Norman Mailer was a major American essayist and social commentator. He was born in Long Branch, New Jersey. He grew up in Brooklyn, New York in a middle class Jewish family. He was a motivated student with a competitive streak. His passion towards writing was seen since his childhood. He finished his schooling from Brooklyn’s Boys High School in 1939 and got admission in Harvard from where he achieved a degree in aeronautical engineering. Since his first love had always been writing, Mailer continued to write whenever he got the chance. Mailer wrote a sci-fi story named ‘Invasion from Mars’ only at the age of nine. He also won a contest of story writing that was funded by the ‘Story’ magazine. Mailer also served in the army after graduating where he served as a sergeant in the Pacific. After the end of the World War II, he decided to continue with his education at the Sorbonne, Paris.
By the age of 25 Mailer had published his first novel which he had finished only in fifteen months. It was called ‘The naked and the Dead’ (1948). The book received enormous success and turned Mailer into a celebrity overnight. After spending a year in Hollywood, he went back to New York to settle in Greenwich Village where he continued writing various novels. His books ‘Barbary Shore’ (1951) and ‘The Deer Park’ (1955) were both inspired from political issues of that time. He wrote for several magazines on topics of sex, drugs and racial discrimination. His book ‘The White Negro’ was a reflection of the racism and estrangement of that era’s Beat generation.

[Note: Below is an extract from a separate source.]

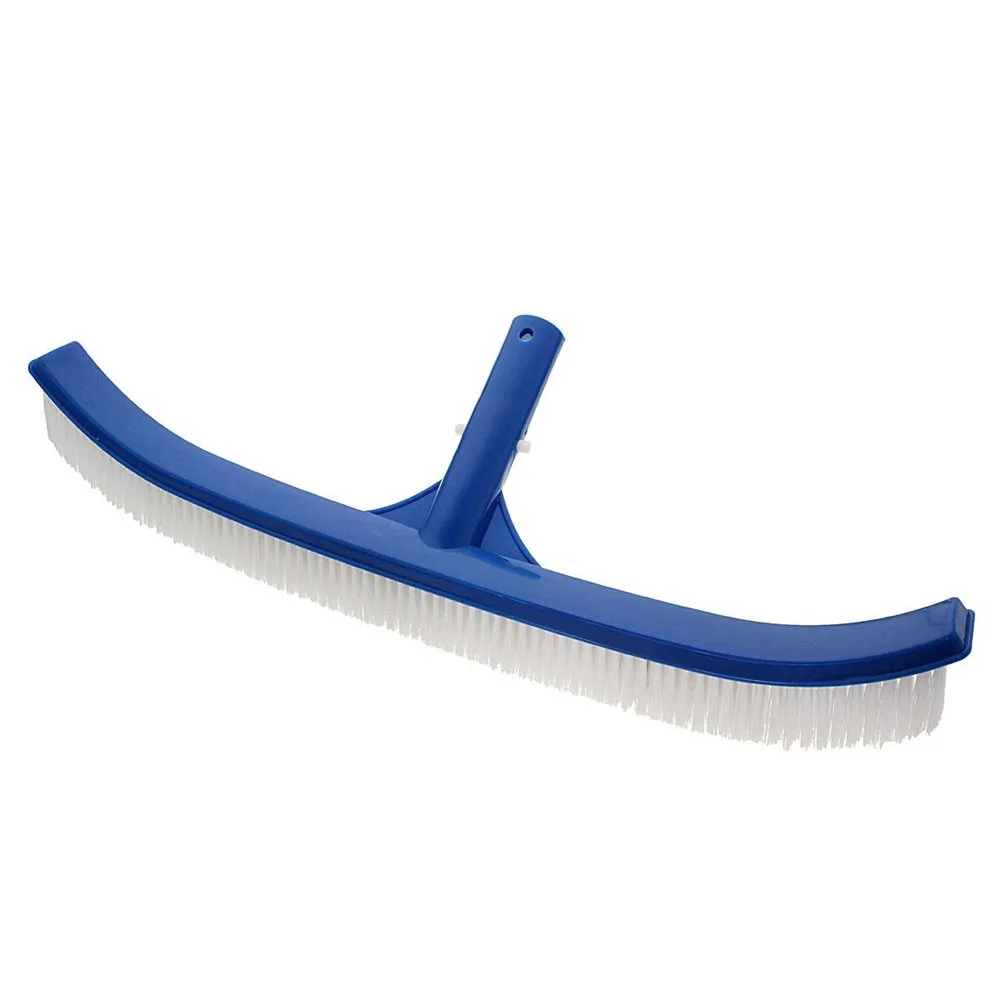 Белый High Quality Curved Swimming Pool Cleaning Tools Spa Wall& Floor Brush Nylon Bristles Cleaner Broom Leaf Rake Mesh Frame Nets - Цвет: Белый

Mailer became to be known as a provocative writer of the late 1950. His work became highly acknowledged with meaningful and incendiary subject matters. His personal life was turning into a disaster with drugs and violence being a large part of it. He was also given a sentence after he stabbed his wife while drunk. Though the couple was reconciled for some time they eventually got divorced.
At the end of 1960 Mailer turned his focus more towards social issues of the society, like civil rights and war opposing movements and various revolutions. He worked a journalist covering important conventions of the Democrats and Republicans. His political interest was shown through many of this writings such as ‘Presidential Papers’ (1963) and ‘An American Dream’ (1965). His prose was strong and his point of view was obvious in his books. He became well famous for his counter cultural essays.
Mailer also wrote various biographical accounts that include life stories of Muhammad Ali, Gary Gilmore, Pablo Picasso, Lee Harvey Oswald and Marilyn Monroe. He wrote more than forty books and eleven novels during his life.
Mailer died on 10th November 2007 due to kidney failure in Manhattan, New York.. As a winner of the two times Pulitzer award, Mailer has contributed enormously to American literature. He has the ‘Norman Mailer Center’ and ‘Norman Mailer Writer Society’ which are non-profit organizations, named after him.